Hark, an AI startup founded by Brett Adcock, raised an oversubscribed $700 million Series A funding round in May at a $6 billion valuation to develop what it describes as “personal intelligence” through proprietary AI models paired with custom hardware. Although Hark has disclosed few details about its product, the financing illustrates the growing willingness of investors to fund AI hardware companies before commercial products reach the market.

The emergence of multiple well-funded startups suggests investors increasingly believe the next major computing platform could revolve around AI-first devices rather than incremental improvements to smartphones.

For OpenAI, launching dedicated hardware would create new revenue opportunities beyond subscriptions and enterprise software while strengthening customer engagement through continuous interaction.
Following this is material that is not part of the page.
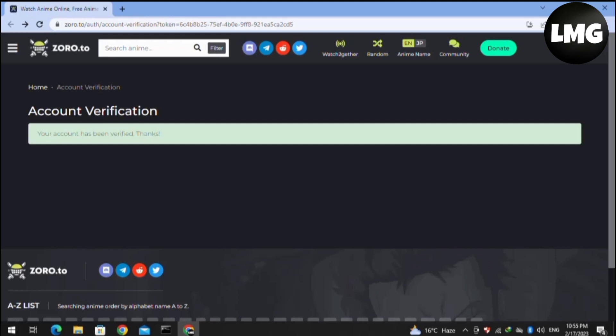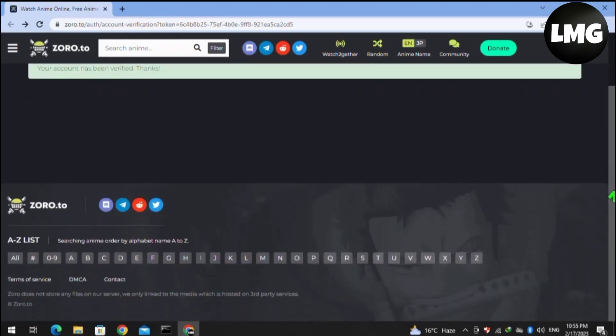To delete our account permanently, we have to scroll down at the home page of Zoro.to and then click on the Contact option at the bottom of this page.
It would also give the company another avenue to distribute its AI models as competition intensifies among OpenAI, Google, Anthropic, Meta and other developers seeking to establish dominant consumer ecosystems.

The reported device remains under development, and OpenAI has not publicly confirmed its existence or provided a timeline for a commercial launch.

If successful, however, the product could represent an important milestone in the evolution of consumer artificial intelligence, shifting AI from an application users occasionally open to an always-available companion embedded in everyday life. Such a transition would also intensify competition among technology companies seeking to define the next generation of personal computing after the smartphone.